The fact that a movie with this kind of a budget and marketing toward a mainstream audience, with a 99% Black cast is astonishing.
Historically there's been nothing like it, sans the original.
This is even blacker than the first. They pile on the African culture. Even the tribal score with the djembe.
Also the one girl, the MIT student, looks really familiar. Is she the one from RAY-RAY on the Disney Channel?
All-Black movies catered to mainstream in the 80s didn't exist. They were Blacksploitation flicks. The 90s started gaining traction with things like House Party, but these were low-budget and marketed toward that demographic.
But no one was making Star Wars and Lawrence of Arabia with an all-black cast. This is really the first of its kind.
White people have no means to complain.

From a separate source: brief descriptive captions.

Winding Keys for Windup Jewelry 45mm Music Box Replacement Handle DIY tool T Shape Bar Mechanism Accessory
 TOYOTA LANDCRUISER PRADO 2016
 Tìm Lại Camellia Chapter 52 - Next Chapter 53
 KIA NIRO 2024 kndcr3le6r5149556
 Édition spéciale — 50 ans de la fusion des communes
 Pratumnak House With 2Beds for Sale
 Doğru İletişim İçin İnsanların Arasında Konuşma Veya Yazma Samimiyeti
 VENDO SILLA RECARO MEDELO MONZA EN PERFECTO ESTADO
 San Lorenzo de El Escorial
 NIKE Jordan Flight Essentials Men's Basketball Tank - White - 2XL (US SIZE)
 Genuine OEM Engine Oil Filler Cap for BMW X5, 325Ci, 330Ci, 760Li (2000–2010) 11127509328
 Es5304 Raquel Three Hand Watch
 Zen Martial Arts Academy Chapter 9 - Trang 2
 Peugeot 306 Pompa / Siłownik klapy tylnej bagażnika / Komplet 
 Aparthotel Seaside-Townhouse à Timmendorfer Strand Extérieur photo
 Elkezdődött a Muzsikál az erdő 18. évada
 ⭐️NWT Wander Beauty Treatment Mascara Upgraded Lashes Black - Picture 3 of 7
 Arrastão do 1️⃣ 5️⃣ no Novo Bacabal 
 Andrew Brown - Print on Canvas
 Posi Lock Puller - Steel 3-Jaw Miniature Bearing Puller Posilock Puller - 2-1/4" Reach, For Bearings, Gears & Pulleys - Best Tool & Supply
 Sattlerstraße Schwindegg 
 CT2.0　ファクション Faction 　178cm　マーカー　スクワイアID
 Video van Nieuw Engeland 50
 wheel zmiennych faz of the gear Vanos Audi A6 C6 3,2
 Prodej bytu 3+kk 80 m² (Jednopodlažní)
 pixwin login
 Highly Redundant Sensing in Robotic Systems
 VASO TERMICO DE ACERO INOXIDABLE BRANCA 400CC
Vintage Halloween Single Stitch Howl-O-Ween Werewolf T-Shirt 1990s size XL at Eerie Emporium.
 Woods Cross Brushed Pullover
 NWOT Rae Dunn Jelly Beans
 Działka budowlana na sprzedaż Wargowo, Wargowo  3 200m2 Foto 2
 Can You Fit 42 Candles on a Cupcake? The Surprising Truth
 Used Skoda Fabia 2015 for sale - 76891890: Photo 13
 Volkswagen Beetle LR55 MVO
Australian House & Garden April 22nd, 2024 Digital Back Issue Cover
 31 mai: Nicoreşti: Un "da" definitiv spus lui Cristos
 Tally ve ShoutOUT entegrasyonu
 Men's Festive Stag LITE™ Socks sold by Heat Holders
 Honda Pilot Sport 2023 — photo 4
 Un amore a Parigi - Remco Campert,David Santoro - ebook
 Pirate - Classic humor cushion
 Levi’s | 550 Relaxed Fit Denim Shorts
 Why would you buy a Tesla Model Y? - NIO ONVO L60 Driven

I mean, film was invented in the late 1800s, and we're just now getting all-Black films that are just superhero films and have nothing to do with the Black socioeconomic issues, and white people are flocking to them because they can enjoy them, now.
Never lose your desire. -
LorqVonRay1999 — 3 years ago(November 17, 2022 09:25 PM)
If black people had invented films, they would have made the films all about themselves.
White people invented it and all the technology surrounding it. It only makes sense they would feature mostly white people.
Black people did invent peanut butter and selflessly shared it with the rest of the world.